15, Coldharbour is a Grade II listed building in the Tower Hamlets local planning authority area, England. First listed on 31 July 2003. House.
15, Coldharbour
- WRENN ID
- secret-cellar-yew
- Grade
- II
- Local Planning Authority
- Tower Hamlets
- Country
- England
- Date first listed
- 31 July 2003
- Type
- House
- Source
- Historic England listing
Description
788/0/10183 COLDHARBOUR 31-JUL-03 Isle of Dogs 15
II House, 1843. Stock brick, rendered; stone cills and coping. Three storeys with attic. Slate roof. PLAN: Rectangular plan with staircase along north wall. Two rooms per floor with partitioned/glazed central sections (wc's) opposite stair. EXTERIOR: Two bay front to street. Door to left of infilled opening. 9/9-pane sashes. River front now part-concealed by a c.1995 concrete platform supporting a glazed sun lounge at first floor; tripartite openings to first and second floors. INTERIOR: ground floor comprises a former mast-making workshop, partly sub-divided with board partitions and internal glazing, with heavy exposed lateral beams. Plain stairs to first floor; upper flights are of good quality, with upswept mahogany handrails, turned columnar newels, spiral-turned posts to first floor, and plain square rails. Extensive survival of original joinery, including richly reeded door and window architraves to first floor rooms. Fireplace with reeded surround to first floor front room. Upper floors are plainer but largely intact. Two-panel doors to attic with lozenge-pierced overdoor panels. HISTORY: this house was described as 'lately erected' in 1845, and was built in 1843-44 for his own occupation by Benjamin Granger Bluett, a joiner, mast- and blockmaker whose workshop was on the ground floor over a saw-pit. An earlier structure of c1770 stood here.
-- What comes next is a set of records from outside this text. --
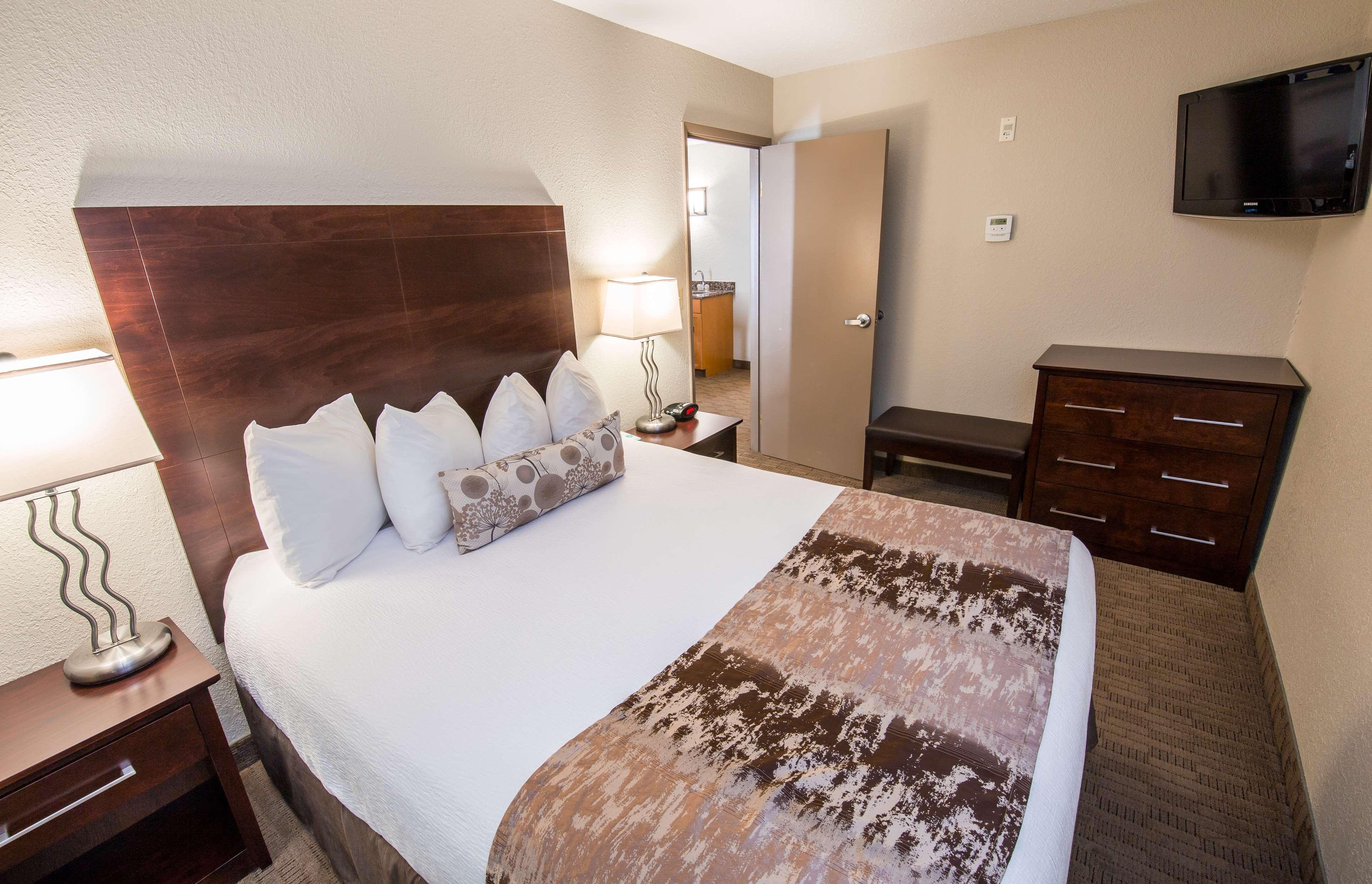 Best Western Plus Pembina Inn & Suites Winnipeg Zewnętrze zdjęcie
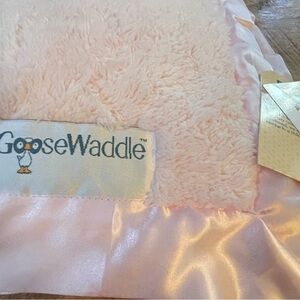 GooseWaddle Luxury Pink  Baby Blanket. NWT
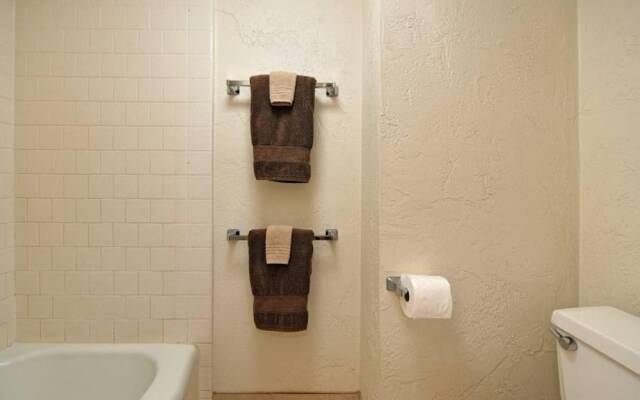 Papakea D-204 by Maui Life Realty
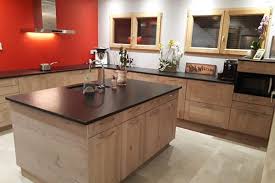 Cuisine plan de travail granit. Ilot Central Et Plan De Travail En Granit Noir Polygranit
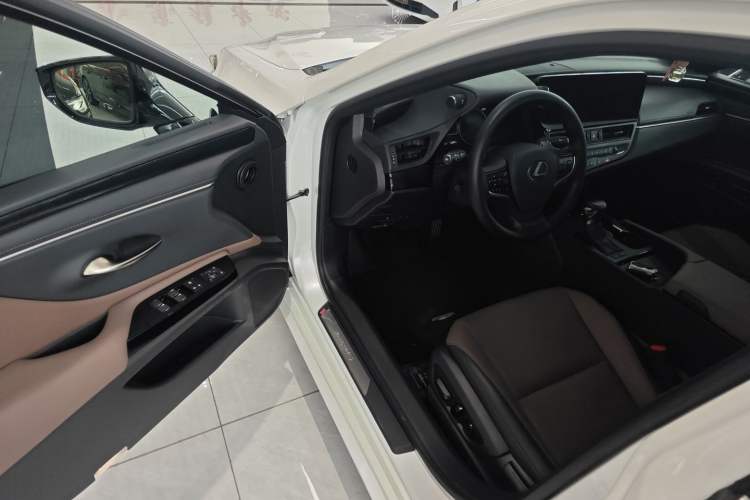 Used Lexus ES 2022 200 Excellence Edition Driver Seat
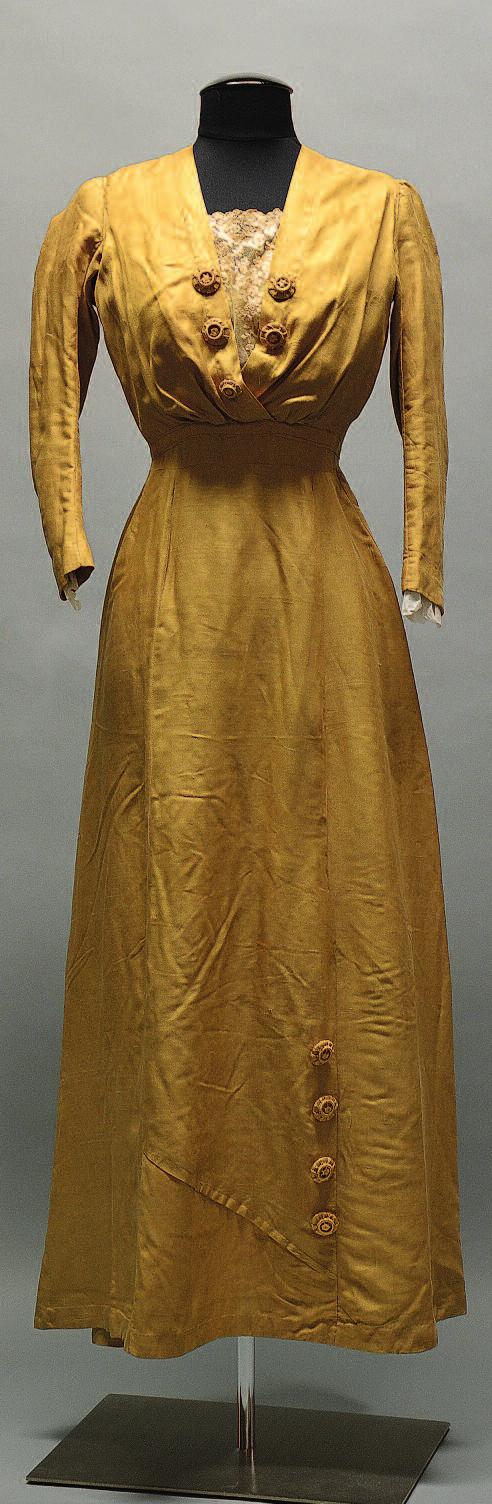 Kleidungsforschung 1, 2 Kleid, Seide, Baumwolle, ca. 1905 1915, mit Nahtspuren im Futter, hier wurde eine ursprünglich gekräuselte Bluse als Futter weiterverwendet, Inv. Nr.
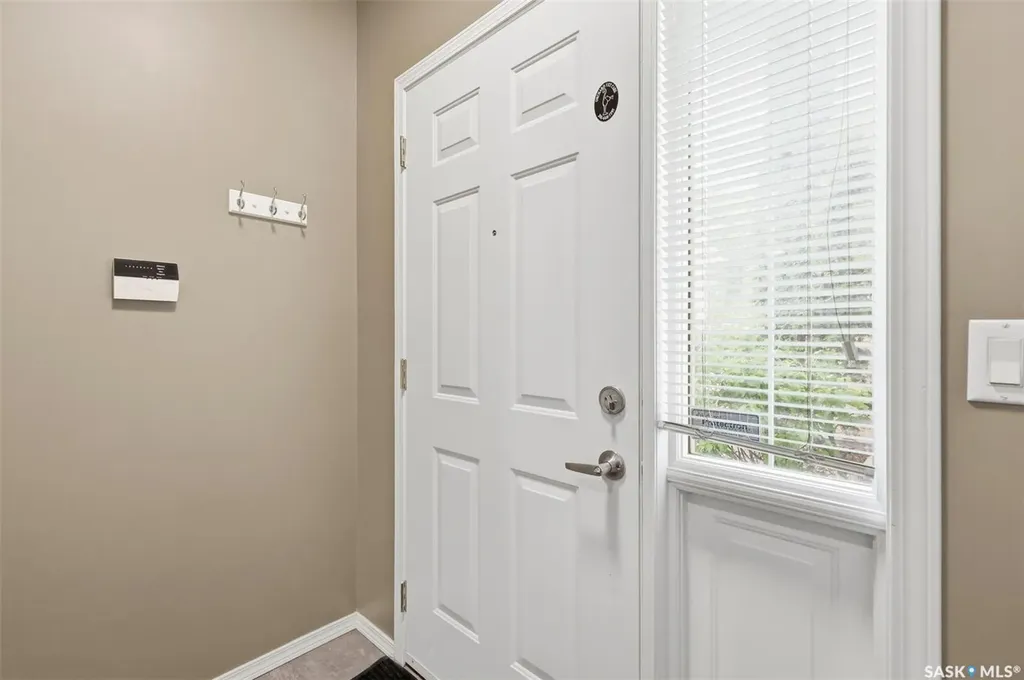 905D 9th Street E Saskatoon SK S7H 0M9
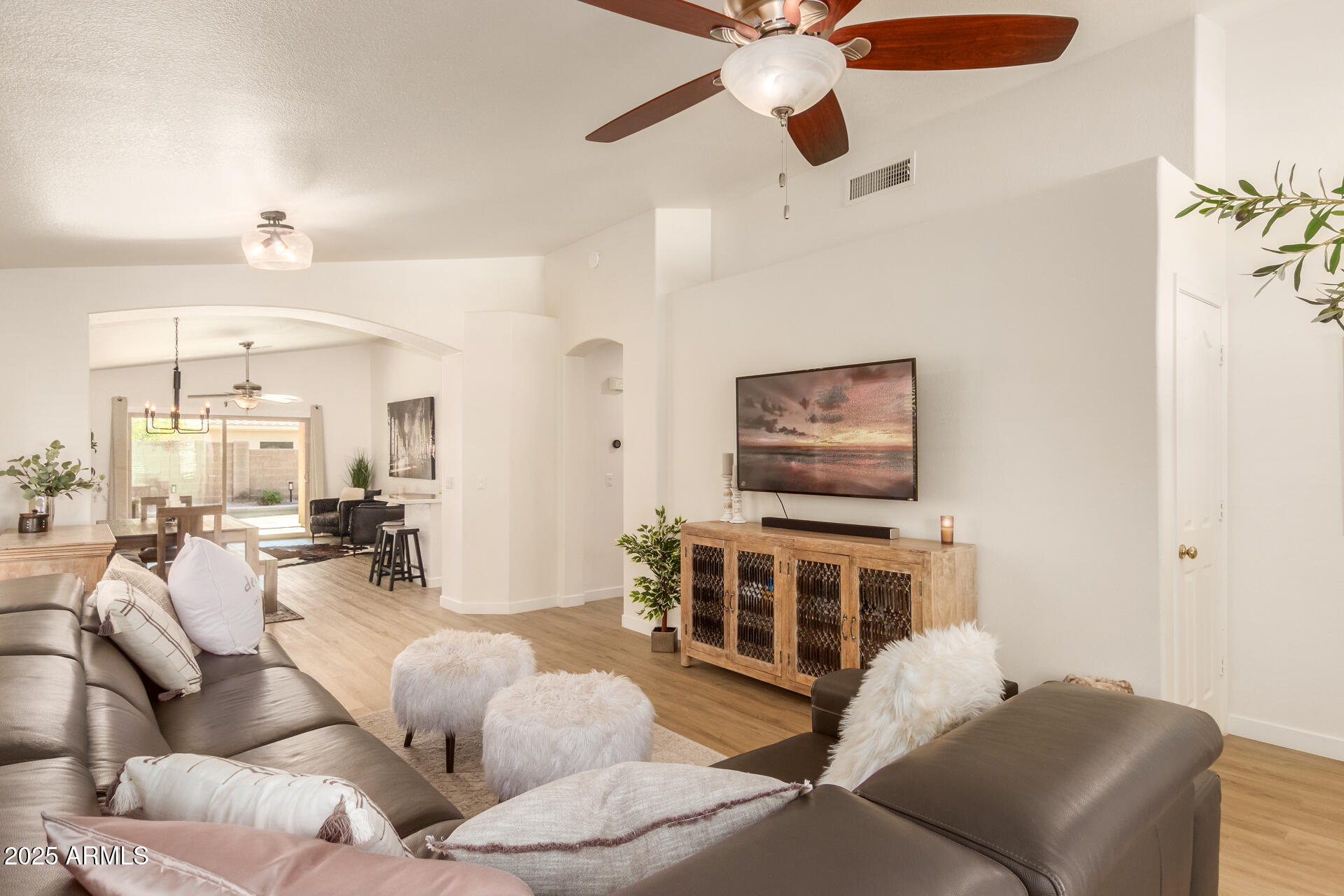 26253 N 43RD Place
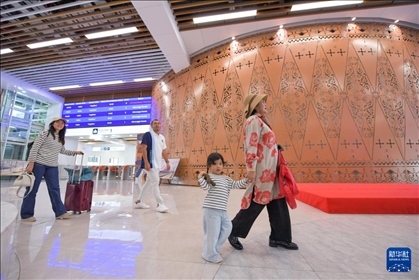 1月24日，在印度尼西亞雅加達(dá)哈利姆站，乘客在候車大廳內(nèi)行走。新華社記者 徐欽 攝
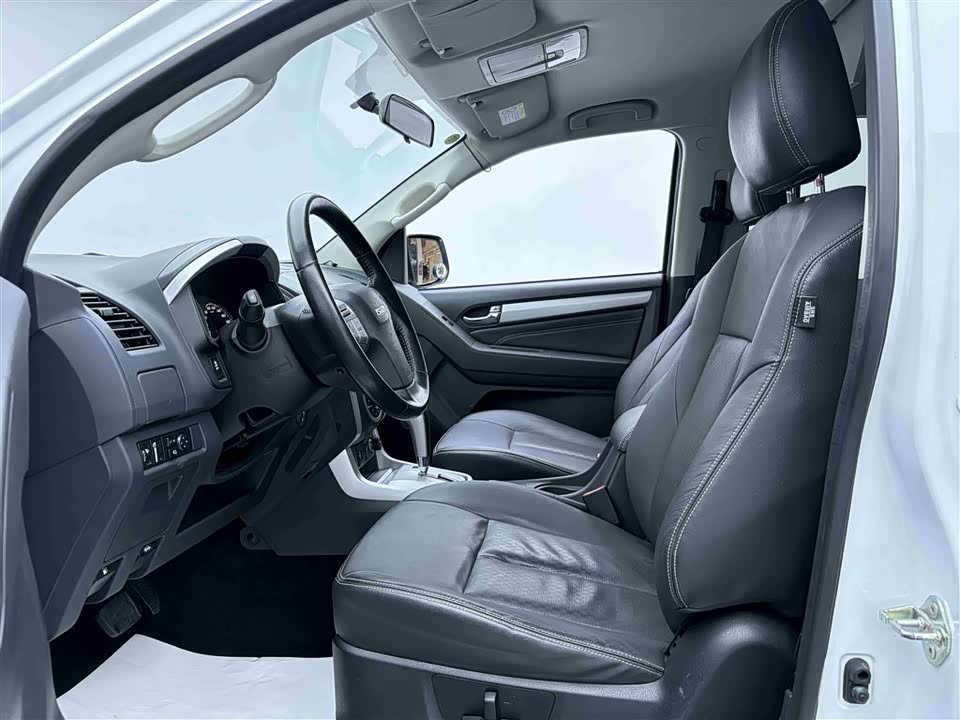 Isuzu mu-X Shepherd Ranger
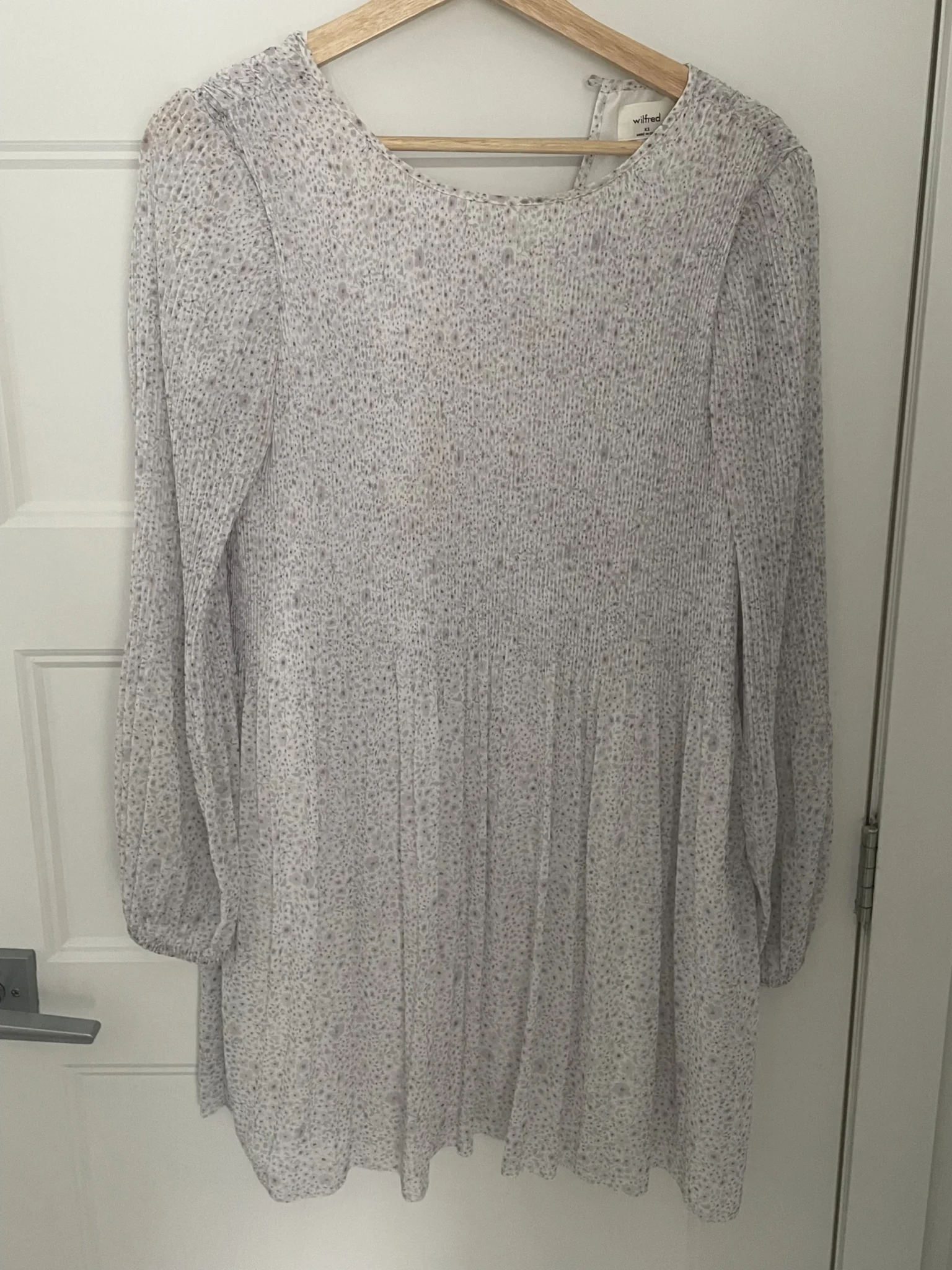 Featured image for Robe Aritzia Wilfred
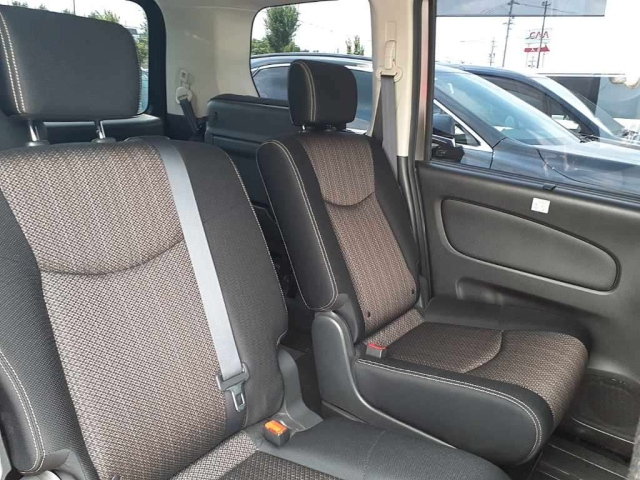 NISSAN SERENA 2014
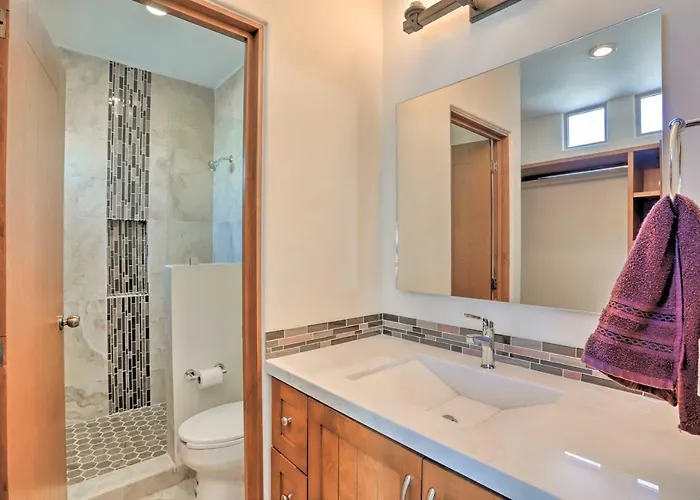 Holiday home Luxe Cabo Casa W/ Own Rooftop Patio + Pool Access! *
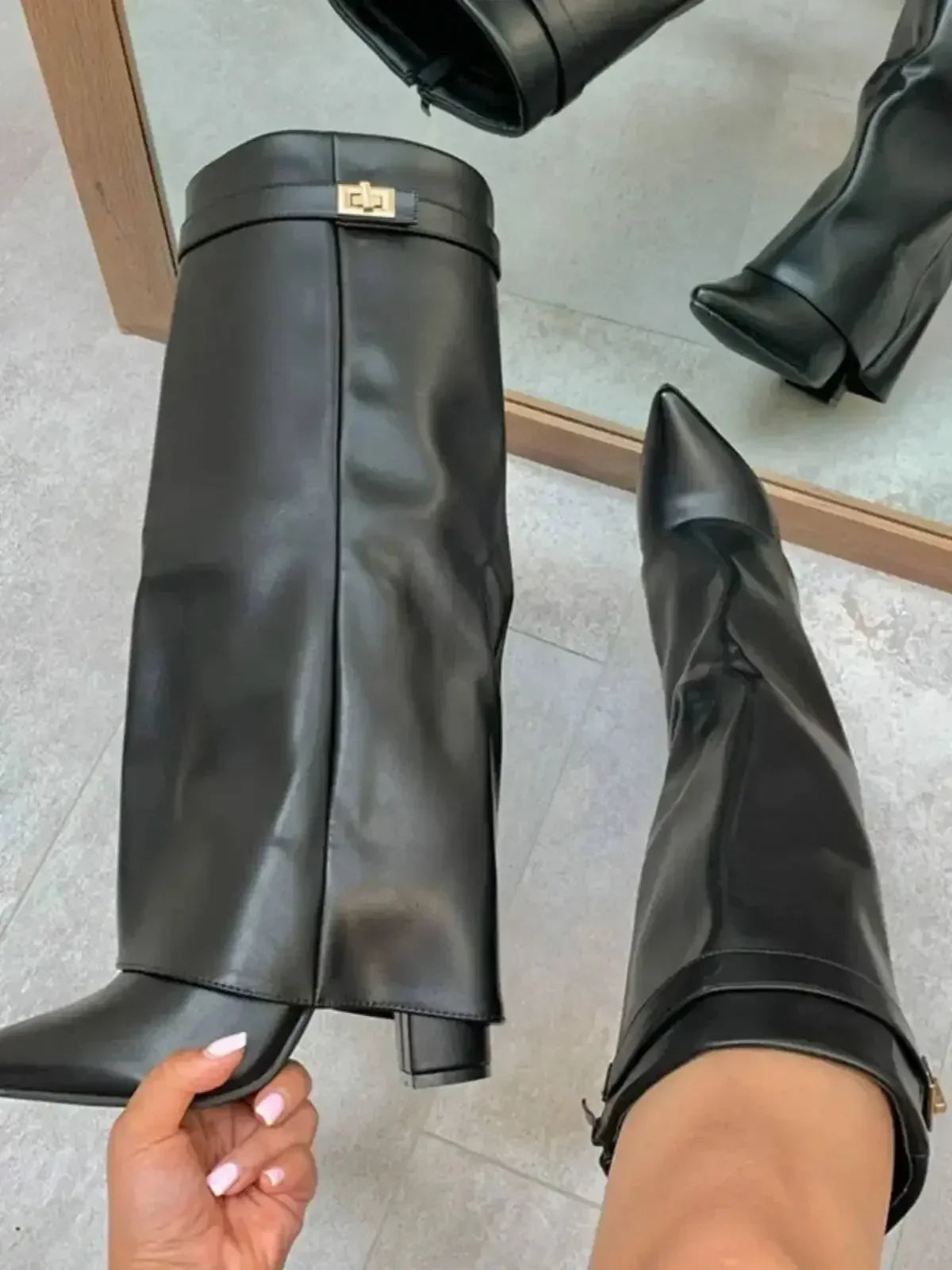 Botas bucaneras de cuero para mujer con hebilla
In 1894 the house was acquired by the Metropolitan Asylums Board, and was adapted to form part of a reception centre for immigrants displaying signs of contagious illnesses: the interior of the ground floor was subdivided at this time and extensions (now removed) were added to the south side of the house. The house is listed for its largely intact interior of the early 1840s, and for its docklands interest as a now-rare survivor in this area of a purpose-built workshop with living accommodation above. The 1890s alterations also represent a phase of interest in the building's development.